Nach dem gescheiterten Investorendeal hat die Europäische Fußball-Union (Uefa) Fifa-Chef Gianni Infantino mit rechtlichen Schritten gedroht. Wie der Telegraph und die Financial Times berichteten, forderte die Uefa den Weltverbandspräsidenten auf, sämtliches Material im Kontext des Investitionsvorhabens nicht zu vernichten. Eine offizielle Bestätigung lag zunächst nicht
vor.
Der Sportdirektor des Deutschen
Fußball-Bundes (DFB) Andreas Rettig, bezeichnete das Verhältnis zu Infantino als auf Dauer
zerstört. »Das ist aus meiner Sicht ein irreparabler Vertrauensverlust –
und nicht nur zum DFB«, sagte er in einem Interview mit dem Stern. Rettig nannte als Gründe einerseits die »Art und Weise, wie diese
Entscheidung herbeigeführt wurde, Stichwort stilles Kämmerlein, und
die unlauteren Köder, die ausgeworfen wurden«. Zudem kritisierte er den
Inhalt der Vorschläge: »Daran sieht man auch, dass Herr Infantino sich mittlerweile mit
Menschen umgeben hat, die von außerhalb des Fußballs kommen.«
Rettig verwies auf die Erklärung der Uefa: »Wenn Mitglieder öffentlich erklären, dass sie
kein Vertrauen mehr in die Führung haben, ist das ein sehr deutliches
Signal«, sagte Rettig. »Aus meiner Sicht hat Herr Infantino
sehr viel Zeit, Geld und Energie in den Erhalt seines Machtapparates
investiert.
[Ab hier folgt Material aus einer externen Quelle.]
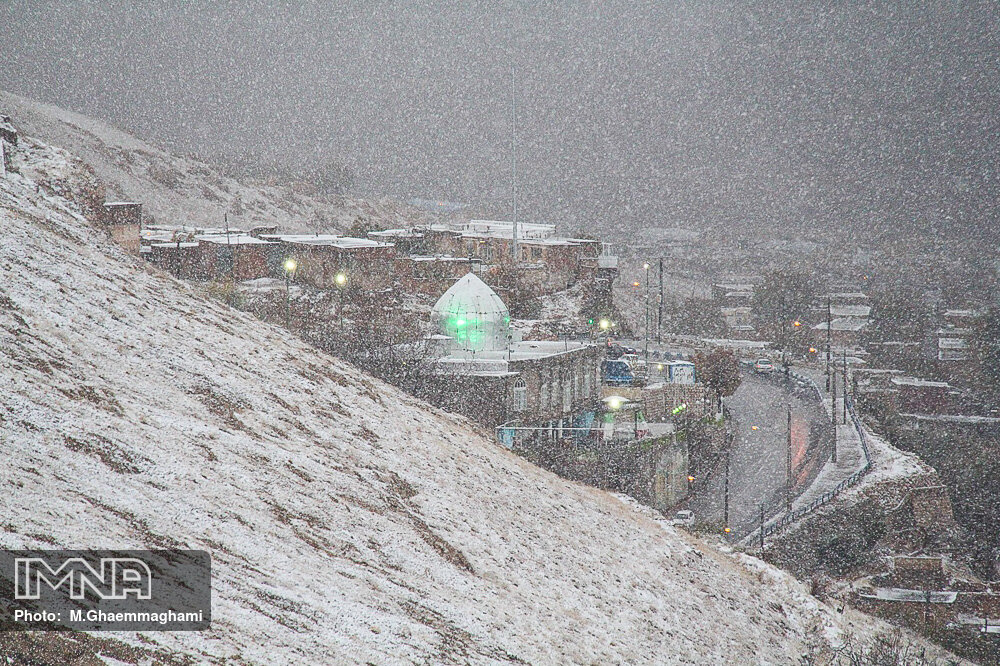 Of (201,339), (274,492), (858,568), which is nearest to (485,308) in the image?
(858,568)

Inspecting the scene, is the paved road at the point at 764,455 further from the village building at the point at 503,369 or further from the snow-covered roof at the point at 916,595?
the village building at the point at 503,369

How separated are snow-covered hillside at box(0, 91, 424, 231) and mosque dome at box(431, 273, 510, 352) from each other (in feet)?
147

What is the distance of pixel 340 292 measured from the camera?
4619 centimetres

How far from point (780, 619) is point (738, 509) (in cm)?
2003

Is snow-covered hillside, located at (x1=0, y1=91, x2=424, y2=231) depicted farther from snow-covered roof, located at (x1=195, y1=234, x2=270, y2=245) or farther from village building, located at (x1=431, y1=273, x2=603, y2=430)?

Offenkundig dienten viele Entscheidungen in erster Linie
dazu, die eigene Position zu festigen.«
Wales unterstützt Wiederwahl nicht
Als erster einzelner Fußballverband entzog Wales öffentlich seine Unterstützung für die von Gianni Infantino
beabsichtigte Wiederwahl im kommenden Jahr. »Die
jüngsten Defizite in den Bereichen verantwortungsvoller
Verbandsführung, Entscheidungsprozesse, Führung, Werte,
Stakeholder-Management, Kommunikation und Urteilsvermögen haben dazu
geführt, dass Herr Infantino das
Vertrauen des FAW verloren hat, weiterhin an der Spitze des Weltfußballs
zu stehen«, zitierte Sky News in England den walisischen Fußballverband FAW.
Der Co-Gastgeber der EM im kommenden Jahr im
Vereinigten Königreich und Irland bestätige demnach »den Entzug seiner
Unterstützung für die Kandidatur von Herrn Gianni Infantino
zur Wiederwahl als Fifa-Präsident für die Amtszeit 2027 bis 2031.« Dies
habe der Verband der Fifa auch schriftlich mitgeteilt. »Das Wohl des
Fußballs nicht an erste Stelle zu setzen, ist ein Versagen, das wir
nicht akzeptieren können.«
Im kommenden Jahr stehen Wahlen an. Am 18. März 2027 möchte sich Infantino, der seit 2016 an der Spitze des Weltverbands steht, in Rabat (Marokko) auf dem 77.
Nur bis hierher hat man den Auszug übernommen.